High-Tech Will Go High-Tax Under Obama's Plan, Industry Says

By Kevin Fayle on May 05, 2009 | Last updated on March 21, 2019

The technology industry is up in arms over President Barack Obama's plans to roll back some of the tax protections for companies that enjoy the benefit of lower tax rates on profits earned outside the United States.

Tech giants Hewlett-Packard Co., IBM Corp., Cisco Systems Inc., Microsoft Corp. and Google Inc. each saved more than $1 billion through lower foreign tax rates last year, for a total tax benefit of $7.4 billion.
By keeping profits outside the US, companies can pay the lower tax rates of the countries they invest in rather than the higher rates in the US.  President Obama's plan seeks to tax at least a portion of the money that companies keep overseas.

High-tech companies, while certainly not the only companies who inured a benefit from the current tax scheme, have been increasingly expanding overseas, and see the foreign markets as essential to the industry's continued growth.
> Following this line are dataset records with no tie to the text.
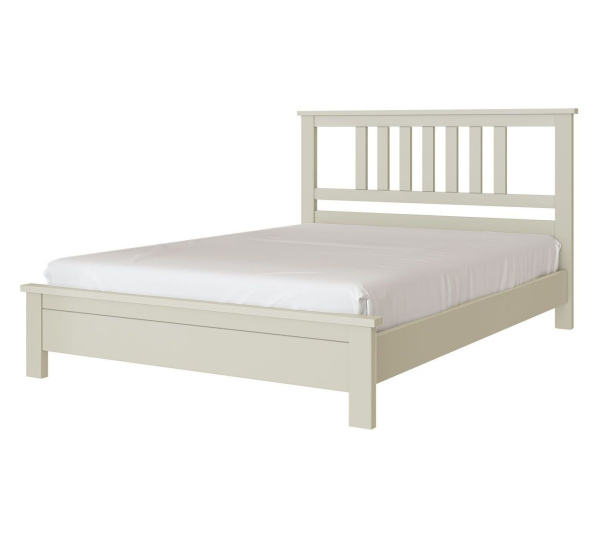 Кровать односпальная Лаура (кровать одинарная (РАЗБОРНАЯ) 900х2000 цвет Фисташковый)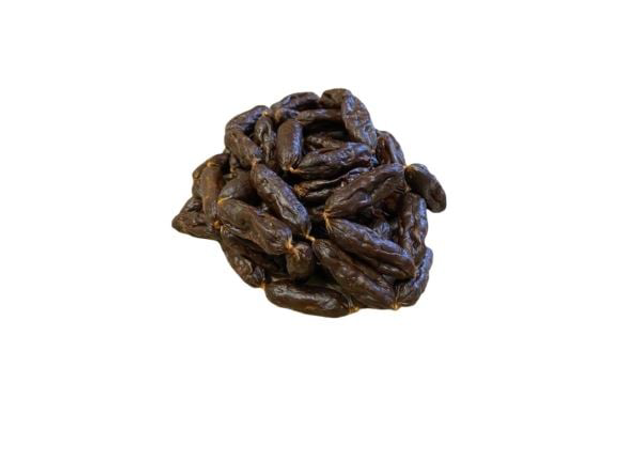 Pork &amp; Turmeric Mini Sausage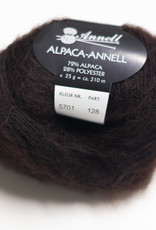 Annell Alpaca-Annell - kleur 5701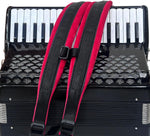 Side profile view illustrating the thickness and ergonomic shape.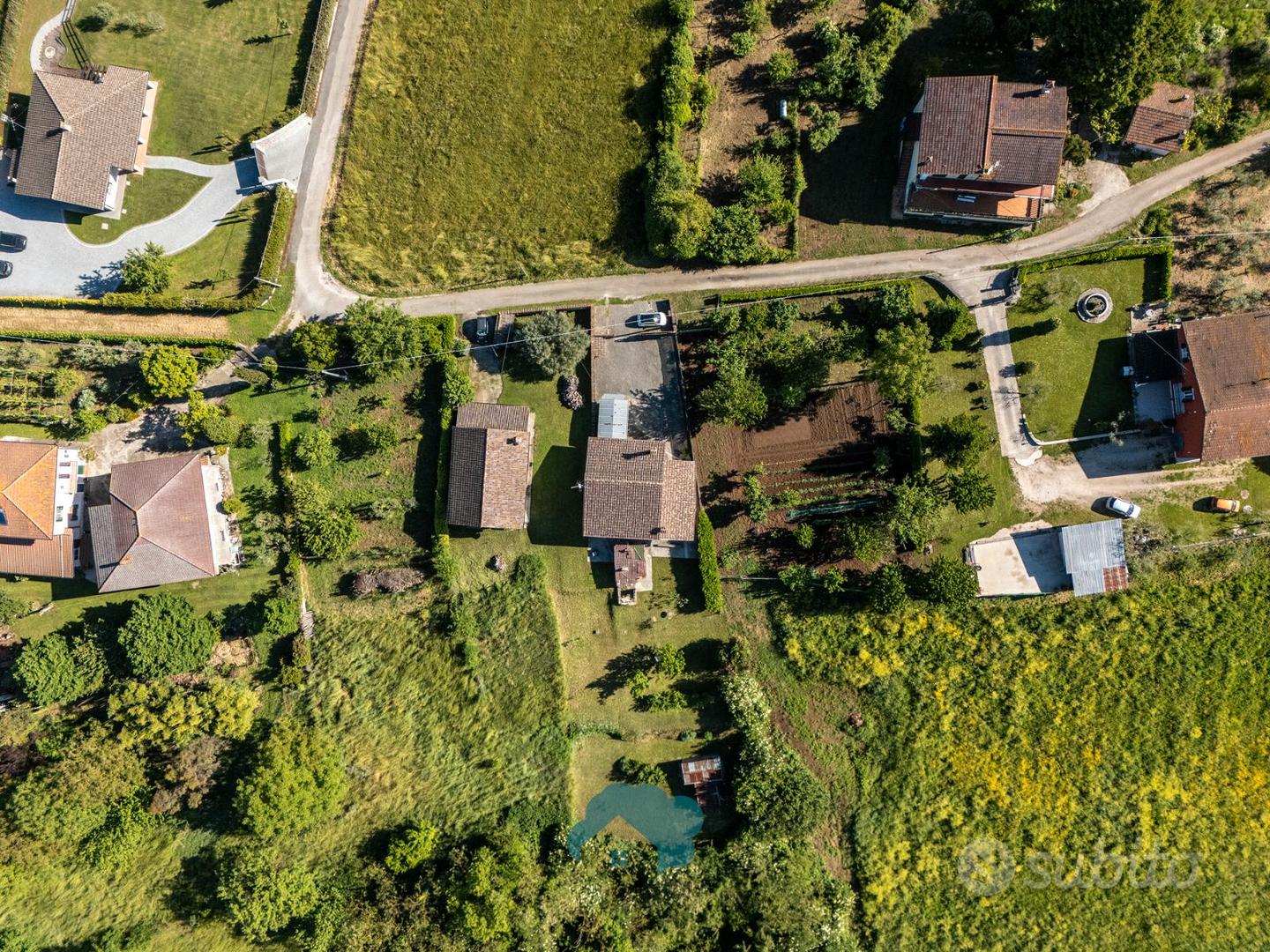 Casa – Artena, Puzzariga - Vista 3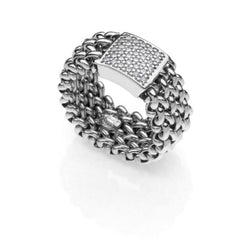 ANELLO ECLAT CHICCO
Carl Guardino, chief executive of Silicon Valley Leadership Group, says that these expanding markets create additional revenue, which the companies can then use to create job opportunities back in the US.  Without the tax benefits, however, Guardino sees the overseas opportunities diminishing as American high-tech companies would be forced to operate at a competitive disadvantage.

This would prevent the companies from broadening their domestic payrolls, according to Guardino, which goes against the Obama plan's stated goal of job creation.